Ion exchangers

Ion exchangers  are materials that allow dissolved ions to be replaced by other ions of the same charge (i.e., positive or negative); an ion exchange takes place. Ion exchangers are commercially available as columns filled with an ion exchange material or as membranes through which the solution to be treated flows. The ions to be exchanged are bound to the ion exchange material, which in turn releases an equivalent amount of charge from previously bound ions into the solution.

For example, a cation exchanger can replace calcium cations dissolved in ordinary tap water with sodium cations bound to the ion exchanger. Such cation exchangers are also present in dishwashers. It prepares water for rinsing processes that is free of calcium cations, which would otherwise lead to the formation of white scale (limescale) on the dishes during drying and scale on heating elements and in the machine pipes (calcification). When this cation exchanger is exhausted and completely saturated with calcium cations, it must be regenerated. This is done by displacing the bound calcium cations again by offering a highly concentrated solution of sodium chloride (table salt). This process is called exchanger regeneration.

Cation ion exchangers are of natural importance, especially for the cation exchange capacity in the soil. They ensure that cations remain available to the plants and are not washed away by the rain. For the remediation of contaminated locations in water and soil, special cation exchangers can be manufactured that are able to remove specific heavy metal cations from water and soil in a targeted manner.

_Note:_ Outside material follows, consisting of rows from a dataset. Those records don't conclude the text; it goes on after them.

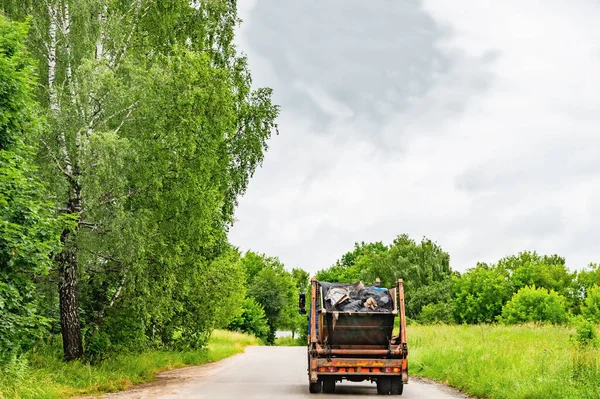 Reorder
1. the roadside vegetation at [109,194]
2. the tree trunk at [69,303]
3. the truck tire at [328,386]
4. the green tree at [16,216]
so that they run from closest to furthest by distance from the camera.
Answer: the green tree at [16,216] < the roadside vegetation at [109,194] < the truck tire at [328,386] < the tree trunk at [69,303]

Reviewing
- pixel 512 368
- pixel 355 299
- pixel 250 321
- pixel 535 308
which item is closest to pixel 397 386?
pixel 355 299

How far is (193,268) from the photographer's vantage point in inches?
741

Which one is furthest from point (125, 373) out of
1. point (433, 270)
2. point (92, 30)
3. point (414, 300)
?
point (433, 270)

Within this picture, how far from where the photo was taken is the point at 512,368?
1478 centimetres

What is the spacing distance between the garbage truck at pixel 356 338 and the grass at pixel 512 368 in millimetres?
2047

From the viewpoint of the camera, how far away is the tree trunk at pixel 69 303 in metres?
16.5

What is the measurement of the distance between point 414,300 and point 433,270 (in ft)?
29.1

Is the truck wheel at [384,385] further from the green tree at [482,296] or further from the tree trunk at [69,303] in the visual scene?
the green tree at [482,296]

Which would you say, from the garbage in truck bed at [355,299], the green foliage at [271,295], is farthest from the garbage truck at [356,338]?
the green foliage at [271,295]

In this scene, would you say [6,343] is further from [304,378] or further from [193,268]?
[304,378]

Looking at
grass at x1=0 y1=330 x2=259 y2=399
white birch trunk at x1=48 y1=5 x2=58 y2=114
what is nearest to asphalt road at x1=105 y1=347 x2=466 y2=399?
grass at x1=0 y1=330 x2=259 y2=399

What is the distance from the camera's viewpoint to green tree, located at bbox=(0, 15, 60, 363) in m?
12.4

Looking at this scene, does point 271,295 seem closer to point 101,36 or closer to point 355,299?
point 101,36

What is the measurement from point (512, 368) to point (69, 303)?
11.0m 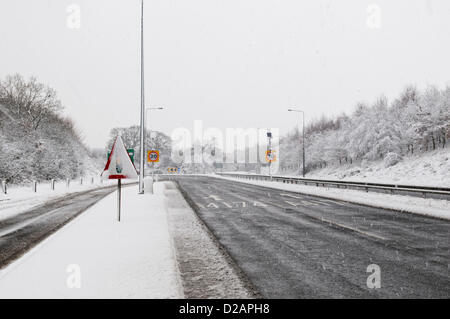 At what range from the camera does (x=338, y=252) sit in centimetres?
678

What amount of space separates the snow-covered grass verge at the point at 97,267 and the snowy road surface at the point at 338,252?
4.98 feet

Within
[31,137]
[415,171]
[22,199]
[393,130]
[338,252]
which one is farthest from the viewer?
[393,130]

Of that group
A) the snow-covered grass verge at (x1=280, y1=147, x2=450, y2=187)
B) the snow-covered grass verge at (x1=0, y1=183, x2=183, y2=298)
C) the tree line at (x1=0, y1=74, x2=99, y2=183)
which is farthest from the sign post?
the snow-covered grass verge at (x1=280, y1=147, x2=450, y2=187)

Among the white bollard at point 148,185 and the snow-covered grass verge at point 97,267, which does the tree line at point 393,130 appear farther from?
the snow-covered grass verge at point 97,267

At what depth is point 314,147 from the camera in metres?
75.6

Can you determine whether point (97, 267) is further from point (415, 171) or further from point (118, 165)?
point (415, 171)

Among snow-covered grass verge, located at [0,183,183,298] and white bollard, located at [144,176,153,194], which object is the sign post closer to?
snow-covered grass verge, located at [0,183,183,298]

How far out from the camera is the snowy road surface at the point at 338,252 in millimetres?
4773

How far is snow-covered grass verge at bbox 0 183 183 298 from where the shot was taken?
4355mm

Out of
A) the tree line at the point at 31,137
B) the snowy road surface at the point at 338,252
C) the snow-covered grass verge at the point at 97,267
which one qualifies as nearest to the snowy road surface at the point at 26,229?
the snow-covered grass verge at the point at 97,267

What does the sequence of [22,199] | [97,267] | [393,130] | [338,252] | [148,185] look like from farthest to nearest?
[393,130] → [148,185] → [22,199] → [338,252] → [97,267]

The principle of ion exchange is based on the fact that ions are more strongly bound to the ion exchanger the higher their charge, and with the same charge, the greater their ionic radius. For example, in the ion exchanger Na+ is replaced by Ca2+, but also Ca2+ by Al3+. The stronger binding ion displaces the weaker binding ion from the binding sites of the ion exchange material. Care must therefore be taken to ensure that the undesired ion to be removed from the solution is bound more strongly than the ion bound to the ion exchanger. Other important influencing factors for this are: the pH value of the solution in relation to the type and number of binding sites of the ion exchange material and also the respective molar concentration. The following list for divalent metal ions shows how strongly the ionic radius affects the selectivity of an ion exchange resin. The values ​​apply to a solution with a pH of 4.0 and calcium as a basis with 1.0 for KM/Ca and a weakly acidic cation exchange resin with a polyacrylic framework.

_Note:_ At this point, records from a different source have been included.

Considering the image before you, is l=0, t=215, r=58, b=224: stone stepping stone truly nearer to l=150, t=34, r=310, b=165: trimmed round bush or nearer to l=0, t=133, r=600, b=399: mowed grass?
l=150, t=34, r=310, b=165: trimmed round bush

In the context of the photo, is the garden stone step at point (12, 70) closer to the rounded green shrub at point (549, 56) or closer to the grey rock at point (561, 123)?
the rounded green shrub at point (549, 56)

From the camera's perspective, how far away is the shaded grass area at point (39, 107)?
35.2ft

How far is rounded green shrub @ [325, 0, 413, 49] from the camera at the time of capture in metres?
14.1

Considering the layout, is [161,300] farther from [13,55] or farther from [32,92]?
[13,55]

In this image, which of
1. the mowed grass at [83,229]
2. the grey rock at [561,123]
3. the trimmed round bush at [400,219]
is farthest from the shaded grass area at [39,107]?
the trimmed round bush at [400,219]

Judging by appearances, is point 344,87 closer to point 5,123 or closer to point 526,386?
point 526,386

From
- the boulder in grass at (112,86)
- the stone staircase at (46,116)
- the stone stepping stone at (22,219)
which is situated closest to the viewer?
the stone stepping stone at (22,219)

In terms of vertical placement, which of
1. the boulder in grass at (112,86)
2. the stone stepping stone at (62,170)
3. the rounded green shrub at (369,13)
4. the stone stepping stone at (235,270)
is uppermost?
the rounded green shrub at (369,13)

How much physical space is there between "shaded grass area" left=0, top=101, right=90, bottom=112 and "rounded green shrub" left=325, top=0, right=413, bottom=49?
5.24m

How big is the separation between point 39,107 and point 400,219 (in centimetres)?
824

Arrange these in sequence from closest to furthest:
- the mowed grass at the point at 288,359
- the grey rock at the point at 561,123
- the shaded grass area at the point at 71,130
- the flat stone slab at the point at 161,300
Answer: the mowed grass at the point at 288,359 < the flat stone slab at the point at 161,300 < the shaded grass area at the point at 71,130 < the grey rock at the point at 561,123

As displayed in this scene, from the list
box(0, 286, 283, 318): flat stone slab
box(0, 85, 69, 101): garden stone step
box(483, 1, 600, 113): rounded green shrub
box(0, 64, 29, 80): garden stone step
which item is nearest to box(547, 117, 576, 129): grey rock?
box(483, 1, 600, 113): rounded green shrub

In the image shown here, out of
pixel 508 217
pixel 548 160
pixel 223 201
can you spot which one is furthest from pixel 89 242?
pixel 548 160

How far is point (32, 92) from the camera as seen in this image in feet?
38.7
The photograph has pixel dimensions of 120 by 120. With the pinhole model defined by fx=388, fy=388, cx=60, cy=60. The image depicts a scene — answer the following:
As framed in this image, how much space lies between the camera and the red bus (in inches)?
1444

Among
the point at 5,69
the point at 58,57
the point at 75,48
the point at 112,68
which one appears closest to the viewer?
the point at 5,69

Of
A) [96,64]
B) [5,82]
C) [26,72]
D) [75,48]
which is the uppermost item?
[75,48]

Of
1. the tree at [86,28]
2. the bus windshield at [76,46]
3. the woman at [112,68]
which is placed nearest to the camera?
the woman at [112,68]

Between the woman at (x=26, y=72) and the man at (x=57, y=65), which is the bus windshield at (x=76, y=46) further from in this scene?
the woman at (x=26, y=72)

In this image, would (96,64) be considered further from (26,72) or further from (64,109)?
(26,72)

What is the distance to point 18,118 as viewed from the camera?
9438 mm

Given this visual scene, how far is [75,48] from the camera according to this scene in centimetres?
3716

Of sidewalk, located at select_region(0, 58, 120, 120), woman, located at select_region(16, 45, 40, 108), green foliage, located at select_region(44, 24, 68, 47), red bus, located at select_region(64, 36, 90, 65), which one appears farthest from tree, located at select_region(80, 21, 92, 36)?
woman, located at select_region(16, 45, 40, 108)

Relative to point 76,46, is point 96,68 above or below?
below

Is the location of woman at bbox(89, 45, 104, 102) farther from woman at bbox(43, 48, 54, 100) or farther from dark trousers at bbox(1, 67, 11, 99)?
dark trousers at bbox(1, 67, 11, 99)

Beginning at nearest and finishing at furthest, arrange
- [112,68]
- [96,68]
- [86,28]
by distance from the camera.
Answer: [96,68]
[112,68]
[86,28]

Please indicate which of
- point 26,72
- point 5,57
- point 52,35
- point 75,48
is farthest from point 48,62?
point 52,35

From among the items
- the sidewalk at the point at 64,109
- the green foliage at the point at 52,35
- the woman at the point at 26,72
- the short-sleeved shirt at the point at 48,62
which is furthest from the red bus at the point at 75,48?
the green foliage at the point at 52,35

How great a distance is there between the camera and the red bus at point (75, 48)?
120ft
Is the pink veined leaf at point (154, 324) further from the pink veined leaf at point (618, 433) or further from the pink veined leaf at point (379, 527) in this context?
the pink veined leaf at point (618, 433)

In addition to the selectivity, ions taken up can also be displaced by the ion exchange material by increasing a substance concentration. The latter is performed during a regeneration. The reactions are given below by the example of sodium ions, which are present as table salt (NaCl) in an aqueous solution. A strongly acidic cation exchanger is used for intake (= loading/function) and detachment (= regeneration). The regenerant is hydrochloric acid.

Basic structure of a cation exchanger, e.g. B. sulfonated polystyrene
When loaded, the reaction proceeds from left to right. As the concentration of the H3O+ ion in the right part of the equation is increased, the reaction shifts back to the left and the exchanger is converted back to the acid form and regenerated. If the liquid to be desalted and the regenerating solution flow through the exchanger in the same direction during charging/operation and regeneration, this is referred to as a co-current exchanger; if the flow direction is opposite, it is referred to as a counterflow exchanger. The concentration of the regenerant is typically 3-10% HCl.

In the example given, a dilute hydrochloric acid is formed in the draining water during charging. Due to a counter-ion effect, depending on the salt concentration in the raw water and the charging state of the ion exchange resin, there is a sodium slip during charging. There is therefore still a small sodium content in the pure water that flows out after the exchanger. This can reach values ​​of 1 mg Na+/l and higher, especially with a DC heat exchanger. With a counter flow exchanger they are ≤ 0.1 mg Na+/l.